Maximum von Mises equivalent stress as a function of train speed
Maximum equivalent plastic strain as a function of train speed
3.3 Influence of flat length
Four different flat lengths (i.e., 20, 40, 60 and 80 mm) were selected to study the influence of flat length on the vertical wheel–rail impact response, where the axle load was fixed at 17 t. Typical vertical wheel–rail impact force history curves induced by different flat lengths at the train speed of 200 km/h are plotted in Fig. 9a. It is obvious that the maximum vertical impact force induced by wheel flat increases with the flat length, and the peak value of the maximum vertical impact force is 400 kN for the flat length of 80 mm. It should be noted that the second peak impact forces generated by the intact wheel dropping against the rail also increase with the flat length, this is because the drop distance and time during wheel flat impacting the rail are determined by the flat length, and the longer wheel flat length will cause the larger drop distance and the later impact occurring [13], resulting in the larger impact kinetic energy. This explanation is also validated the simulated second wheel–rail impact time, that is, the longer the flat length is, and the later the second impact occurs. Figure 9b illustrates the maximum vertical wheel–rail impact forces at different train speeds as a function of the flat length. The maximum vertical impact force nonlinearly increases with the flat length, and the influence of flat length on the maximum vertical impact force seems to be significant within the speed range from 150 to 250 km/h.
Influence of flat length on the vertical wheel–rail impact response. a Typical vertical impact force versus time curves. b Maximum vertical impact force
Figures 10 and 11 show the influences of the flat length on the maximum von Mises equivalent stress and maximum equivalent plastic strain of the wheel, respectively. It is shown from Fig. 10 that the maximum von Mises equivalent stress under different train speeds increase with flat length. The variation of the maximum von Mises equivalent stress is slight when the flat length is less than or equal to 60 mm, while this increase is relatively larger when the flat length is greater than 60 mm and train speed exceeds 100 km/h. Besides, it can be also found from Fig. 11 that the maximum equivalent plastic strain is relatively larger at the speed of 200 km/h for the flat length less than 80 mm than those under other speed conditions.
Maximum von Mises equivalent stress versus a function of flat length
Maximum equivalent plastic strain versus flat length
3.4 Influence of axle load
For a given flat length of 60 mm and train speed of 200 km/h, five different axle loads (i.e., 15, 16, 17, 18 and 19 t) were selected to study the influence of axle load on the wheel–rail impact response.
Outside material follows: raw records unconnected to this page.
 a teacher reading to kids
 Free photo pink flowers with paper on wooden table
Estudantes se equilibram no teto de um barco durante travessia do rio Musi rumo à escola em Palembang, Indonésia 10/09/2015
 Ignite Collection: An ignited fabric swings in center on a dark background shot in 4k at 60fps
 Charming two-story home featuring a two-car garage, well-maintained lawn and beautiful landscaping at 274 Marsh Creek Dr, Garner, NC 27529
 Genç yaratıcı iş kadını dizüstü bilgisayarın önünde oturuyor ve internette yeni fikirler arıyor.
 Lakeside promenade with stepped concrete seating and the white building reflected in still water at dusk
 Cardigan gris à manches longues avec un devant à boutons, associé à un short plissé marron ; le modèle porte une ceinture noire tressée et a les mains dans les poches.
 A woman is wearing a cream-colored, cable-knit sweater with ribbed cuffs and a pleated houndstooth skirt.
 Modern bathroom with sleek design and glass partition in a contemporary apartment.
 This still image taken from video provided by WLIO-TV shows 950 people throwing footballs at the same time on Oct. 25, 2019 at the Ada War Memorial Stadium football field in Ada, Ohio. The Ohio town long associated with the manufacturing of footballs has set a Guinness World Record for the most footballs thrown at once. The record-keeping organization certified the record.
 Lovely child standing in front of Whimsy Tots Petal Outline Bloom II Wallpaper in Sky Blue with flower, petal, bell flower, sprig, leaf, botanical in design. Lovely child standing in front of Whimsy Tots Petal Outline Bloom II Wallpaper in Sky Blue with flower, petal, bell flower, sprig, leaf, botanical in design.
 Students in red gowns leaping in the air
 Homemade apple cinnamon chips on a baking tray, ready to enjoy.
Typical vertical wheel–rail impact force versus time curves with a 60-mm flat under different axle loads are shown in Fig. 12a. The similar trend of the vertical wheel–rail impact force changing with time is observed for five different axle load cases, and the vertical impact force is increased with the axle load. The maximum vertical impact forces versus axle load with different flat lengths are plotted in Fig. 12b. It is shown that a linear increase relationship between the maximum vertical impact force and axle load is found for each flat length case.
Influence of axle load on the vertical wheel–rail impact response. a Typical vertical impact force versus time curves. b Maximum vertical impact force
Figures 13 and 14 show the maximum von Mises equivalent stress and maximum equivalent plastic strain versus axle load, respectively. As seen in Fig. 13, the maximum von Mises equivalent stress increases approximately linearly with the axle load for each flat length. Similarly, the large von Mises equivalent stress may cause the local plastic deformation of the wheel rim. Thus, the maximum equivalent plastic strain is also presented in Fig. 14, and an approximately linear relationship between the maximum equivalent plastic strain and axle load is observed for a given flat length.
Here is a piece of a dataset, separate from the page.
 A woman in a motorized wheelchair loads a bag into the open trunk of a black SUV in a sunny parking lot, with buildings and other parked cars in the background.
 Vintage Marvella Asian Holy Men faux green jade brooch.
Maximum von Mises equivalent stress versus axle load
Maximum equivalent plastic strain versus axle load
4 Conclusions
A three-dimensional wheel–rail rolling contact model with a wheel flat was built for analyzing the wheel–rail impact response induced by the wheel flat. Influences of the train speed, flat length and axle load on the vertical wheel–rail impact response were discussed, respectively. Some main conclusions are drawn as follows: (1) the maximum vertical wheel–rail impact forces are greater significantly than the corresponding static axle loads due to the presence of a wheel flat; (2) the maximum von Mises equivalent stress and maximum equivalent plastic strain occur on the wheel–rail contact surface, and they are sensitive to the train speed, flat length and axle load; (3) the wheel–rail impact force caused by a flat has non-monotonic change with the train speed, and the corresponding peak value occurs within the range from 150 to 200 km/h; (4) the vertical impact force increases with the flat length, and the approximately linear relationship between the maximum values of wheel–rail impact responses (including the force, von Mises equivalent stress and equivalent plastic strain) and axle load is found for each flat length.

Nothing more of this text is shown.